Kesalahan lain yang dilakukan oknum mantan kades diantaranya, menganggarkan pembelian kendaraan bekas dua unit roda empat sebesar Rp. 105 juta dan 1 unit kendaraan roda dua sebesar Rp. 16 juta untuk operasional kekadusan. Namun, kendaraan tersebut tidak juga direalisasikan. Terakhir, adanya temuan dari penjabat Kades Bagek Payung Selatan sebesar Rp. 150 juta lebih.

“Dana itu tidak diketahui kemana? Karena pertanggungjawaban tidak kami ketahui,” ujar Bahri bertanya.

Sejauh ini katanya, BPD berkali-kali meminta kades menyampaikan Laporan Pertanggung Jawaban (LPJ), tapi tidak diindahkan. Demikian pula dalam penyusunan APBDes tanpa melibatkan BPD dan perangkat desa lainnya.

Menjawab laporan BPD mantan Kepala Desa Bagek Payung Selatan, Abdul Gafur, SPd.I membantahnya.
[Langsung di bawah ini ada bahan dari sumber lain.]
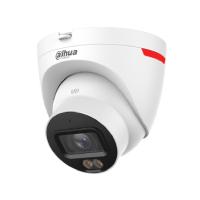 CAMARA IP/ DAHUA/ DH-IPC-HDW2649T-S-PRO/DOMO DE 6MP / WIZCOLOR / WIZSENSE/ IA/ SMD PLUS/ PROTECCION PERIMETRAL/ LENTE DE 2.8 MM/ MICROFONO INTEGRADO/ WDR 120 DB/ RANURA MICROSD/ POE/ IP67 / EXISTENCIA 15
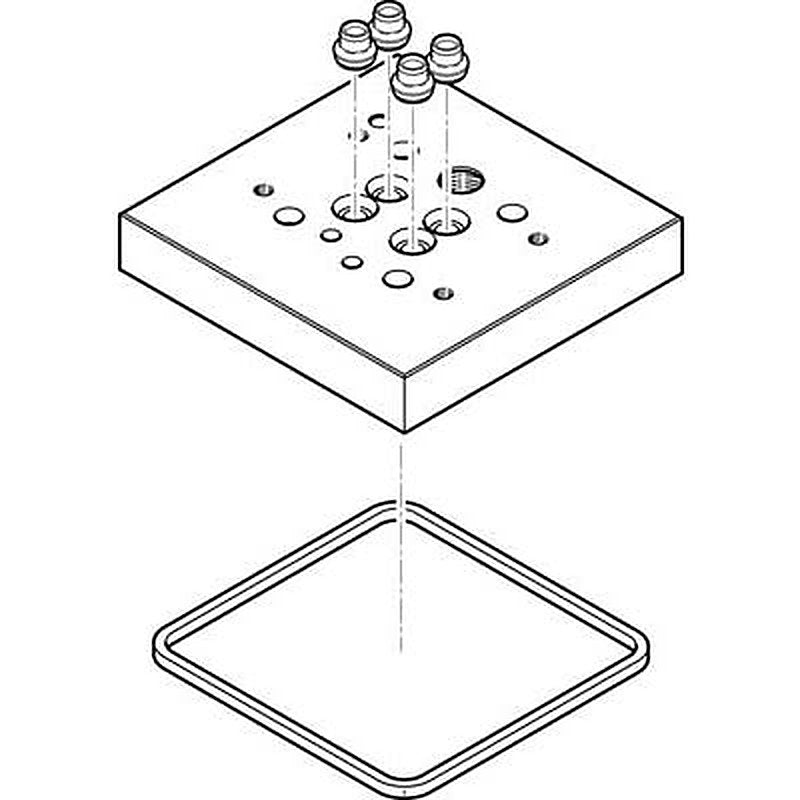 Festo CPV10, 538807 Multi Pin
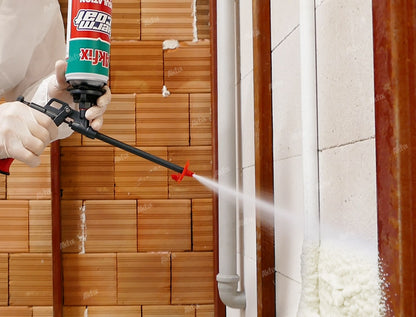 ESPUMA DE AISLACION THERM COAT AKFIX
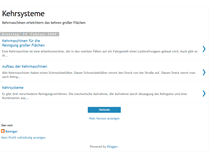 Tablet Screenshot of kehrsysteme.blogspot.com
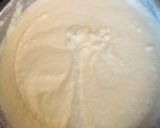 A picture of step 1 of Brown rice dhokla.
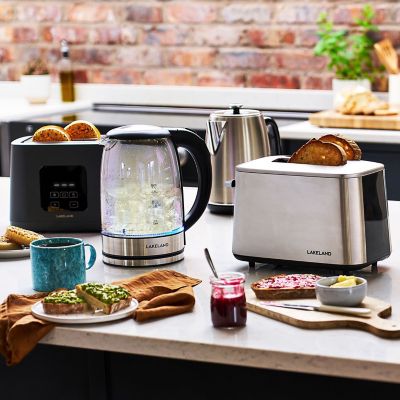 Lakeland Pearlescent Glass Electric Kettle 1.7L image(6)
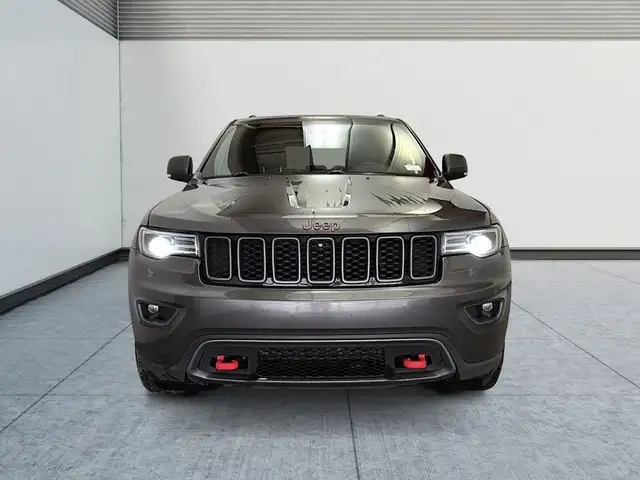 2020 Jeep Grand Cherokee Trailhawk 4x4 Toit pano Suspension ajus in Cars & Trucks in Laval / North Shore - Image 3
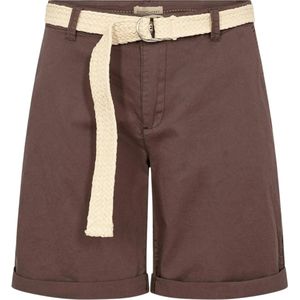 Soyaconcept Broek  donkerbruin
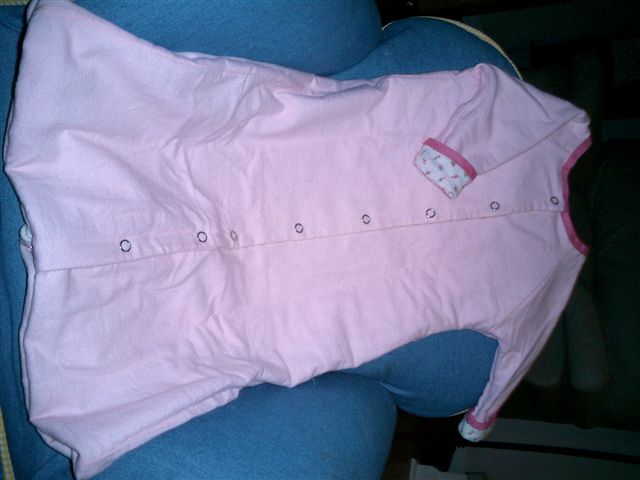 Baby Gown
Menurut Gafur, laporan BPD beserta perangkat desa lainnya tidak mendasar dan cenderung bersifat fitnah.

“Saya juga diperiksa di Inspektorat Kabupaten Lombok Timur, nyatanya tidak ada penyelewengan seperti yang mereka tuduhkan,” jelas Abdul Gafur ketika dihubungi wartarinjani.net.

Kendati demikian, ia bersedia diperiksa kapan pun jika diminta. Sebab, dalam laporan penggunaan keuangan desa, Abdul Gafur merasa tidak pernah melakukan seperti yang dituduhkan.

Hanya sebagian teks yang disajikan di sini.